Burushaski

Burushaski
Native to Gilgit-Baltistan, Pakistan
Region Hunza-Nagar, northern Ghizer, northern Gilgit
Ethnicity Burusho people
Native speakers
87,000 in Pakistan (2000)[1]
Dialects
Burushaski proper (Hunza-Nagar)
Wershikwar (Yasin)
Language codes
ISO 639-3 bsk
Glottolog buru1296[2]

Burushaski /bʊrʊˈʃæski/[3] (Burushaski: burū́šaskī / بروشسکی), the language of the Burusho people, is a language isolate spoken in northern Gilgit-Baltistan, Pakistan.[4] As of 2000, Burushaski was spoken by some 87,000 people in Hunza-Nagar District, northern Gilgit District, and in the Yasin and Ishkoman valleys of northern Ghizer District. Their native region is located in northern Gilgit–Baltistan and borders with Pamir corridor to the north. Burushaski is also spoken by about 300 people in Srinagar in Jammu and Kashmir[5][6] Other names for the language are Biltum, Khajuna, Kunjut, Brushaski, Burucaki, Burucaski, Burushaki, Burushki,[7] Brugaski, Brushas, Werchikwar and Miśa:ski.

Today, Burushaski contains numerous loanwords from Urdu (including English and Persian words received via Urdu), and from the neighbouring Dardic languages such as Shina and Khowar, as well as a few from Turkic languages, from the neighboring Sino-Tibetan language Balti, and from the neighboring Eastern Iranian Wakhi and Pashto.[8] However, the original vocabulary remains largely intact. The Dardic languages also contain large numbers of loanwords from Burushaski.

Classification

Attempts have been made to establish links between Burushaski and several different language families, although none has been accepted by a majority of linguists.

Following Berger (1956), the American Heritage dictionaries suggested that the word *abel ‘apple’, the only name for a fruit (tree) reconstructed for Proto-Indo-European, may have been borrowed from a language ancestral to Burushaski. ("Apple" and "apple tree" are báalt in modern Burushaski.)

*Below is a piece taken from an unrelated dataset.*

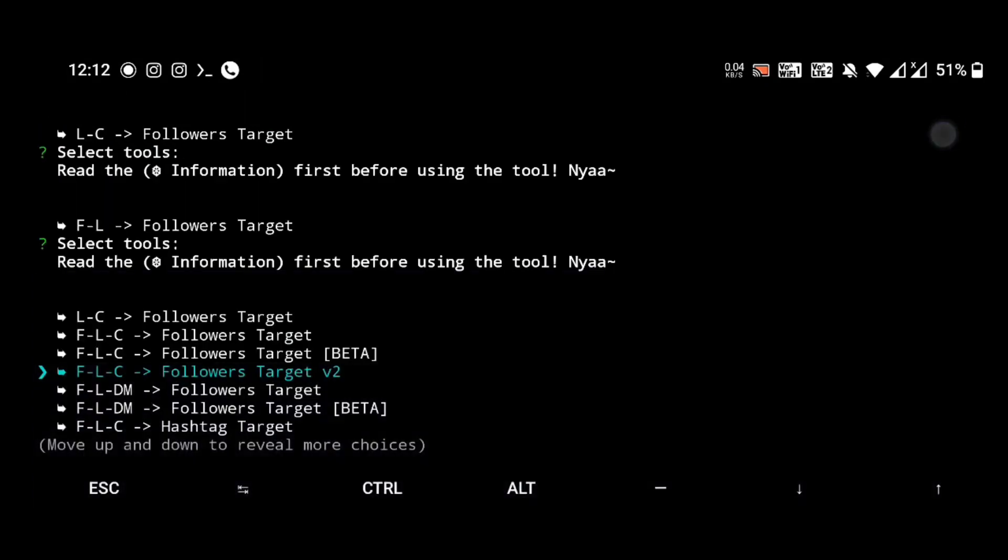You can use this bot for many business purposes, many Instagram promotions, or to grow your business. If you are running a...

Other hypotheses posit a genealogical relationship between Burushaski and the North Caucasian languages, Yeniseian languages and/or Indo-European languages, usually in proposed macrofamilies.

(Burushaski was not included in a 2008 attempt by Edward Vajda,[17] to revive Merritt Ruhlen's proposed "Dené–Yeniseian macrofamily",[18] which linked Yeniseian and Na-Dene.)

Varieties

Burushaski is spoken in main valleys: Hunza, Nagar, and Yasin. The varieties of Hunza and Nagar diverge slightly, but are clearly dialects of a single language. The Yasin variety, also known by the Khowar exonym Werchikwar, is much more divergent. Intelligibility between Hunza-Nagar and Yasin is difficult, and Yasin is sometimes considered a distinct language.[19] Yasin is the least affected by contact with neighboring languages, though speakers are bilingual in Khowar. Yasin is spoken by a quarter of speakers.[20]

Writing system

Burushaski is a predominantly spoken rather than written language. Occasionally the Urdu alphabet is used, but no fixed orthography exists. Adu Wazir Shafi wrote a book Burushaski Razon using a Latin script.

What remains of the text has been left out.